Menurut Riza, pihaknya memakai bea keluar lima persen meski telah berstatus IUPK karena ketentuan yang ada di kontrak karya harus dihormati. Hal ini mengacu pada Peraturan Menteri Energi dan Sumber Daya Mineral (ESDM) Nomor 28 tahun 2017, yang menggantikan Peraturan Menteri ESDM Nomor 5 tahun 2017.
Peraturan tersebut menyebutkan pada saat IUPK untuk jangka waktu tertentu diberikan maka kontrak karya mineral logam serta dokumen kesepakatan lainnya antara pemerintah dengan pemegang kontrak tersebut tetap berlaku. Pada aturan sebelumnya ketentuan yang ada di kontrak gugur ketika diberikan IUPK.
Riza mengatakan, izin ekspor yang diminta Freeport akan berlaku selama enam bulan, sesuai dengan jangka waktu negosiasi dengan pemerintah. Jangka waktunya lebih pendek dari rekomendasi yang pernah dikeluarkan Kementerian ESDM sebelumnya yakni satu tahun mulai dari 17 Februari lalu sampai dengan 16 Februari 2018. (Baca: Berlaku Setahun, Freeport dan Amman Kantongi Izin Ekspor)
Seperti diketahui, pemerintah melalui Kementerian ESDM dan Freeport tengah berunding selama enam bulan untuk mencapai kesepakatan peralihan kontrak dari KK menjadi IUPK dengan jaminan stabilitas investasi jangka panjang Freeport.

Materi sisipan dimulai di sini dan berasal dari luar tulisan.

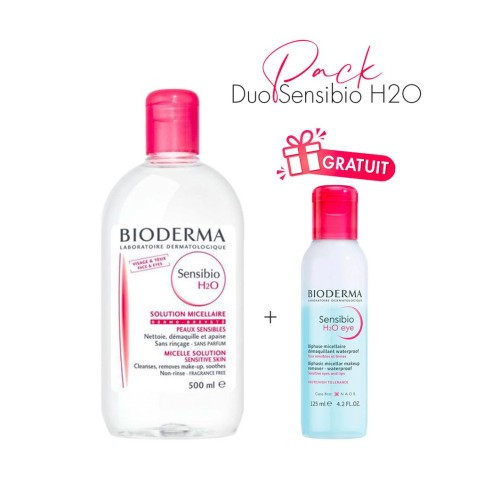 BIODERMA SENSIBIO H2O EAU MICELLAIRE 500ML+SENSIBIO H2O EYE 125ML (OFFERT)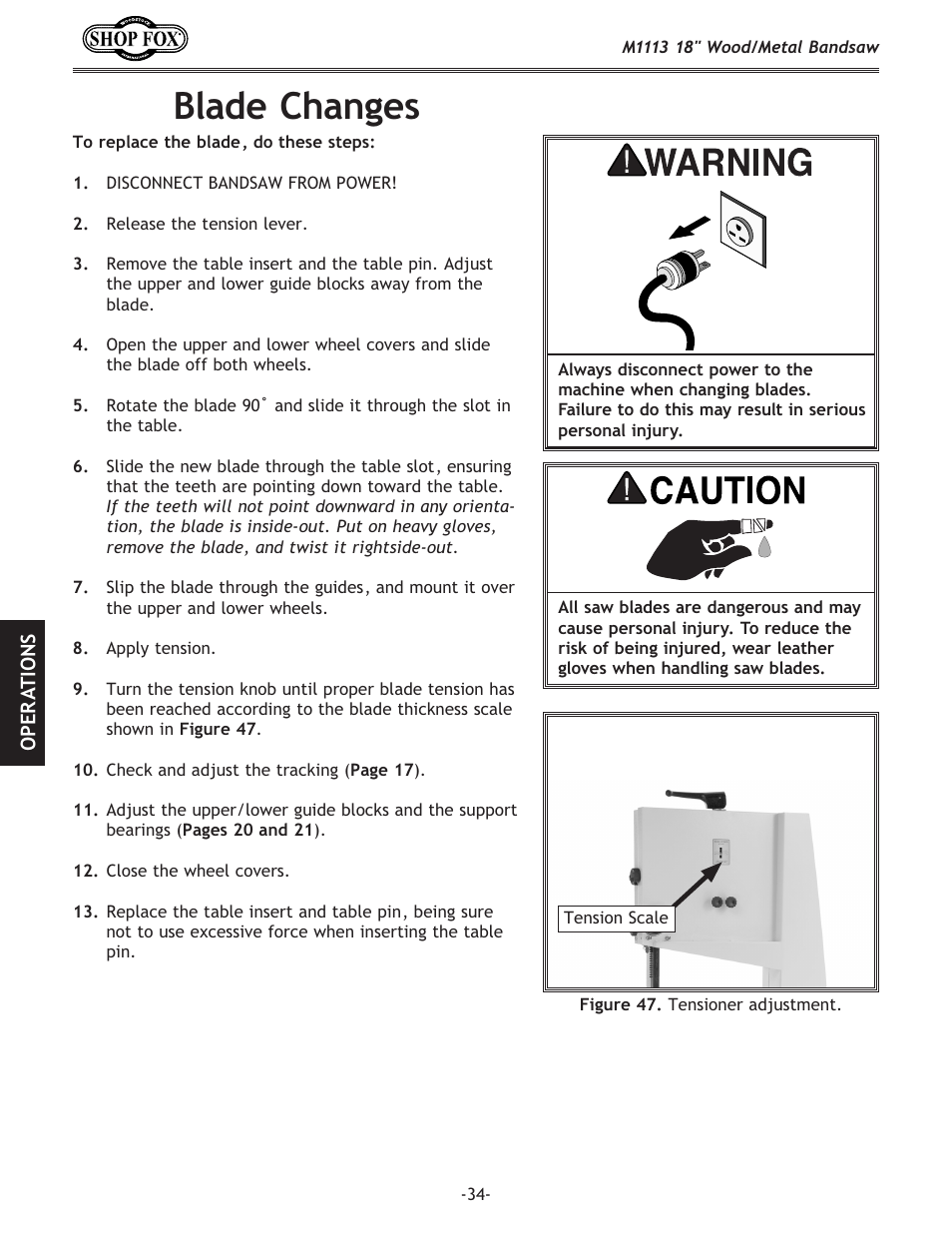Blade changes | Woodstock M1113 User Manual | Page 36 / 60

Pokok perundingan antara lain sistem perpajakan, kelangsungan operasi dan kewajiban divestasi 51 persen saham.
Selain itu, selama enam bulan pemerintah juga terus memantau perkembangan pembangunan fasilitas pengolahan dan pemurnian (smelter) Freeport. Kementerian ESDM akan mengirim verifikator independen ke Freeport setiap tiga bulan untuk memastikan progres pembangunan smelter. (Baca: Tak Segera Bangun Smelter, Jonan Ancam Cabut Izin Ekspor Freeport)
Apabila laporan verifikator menyatakan selama enam bulan tidak ada pembangunan, maka pemerintah tidak akan segan mencabut izin ekspor tersebut.”Kalau tidak ada progress, kami akan cabut izin ekspornya," kata Menteri ESDM Iganisius Jonan, Kamis (6/4).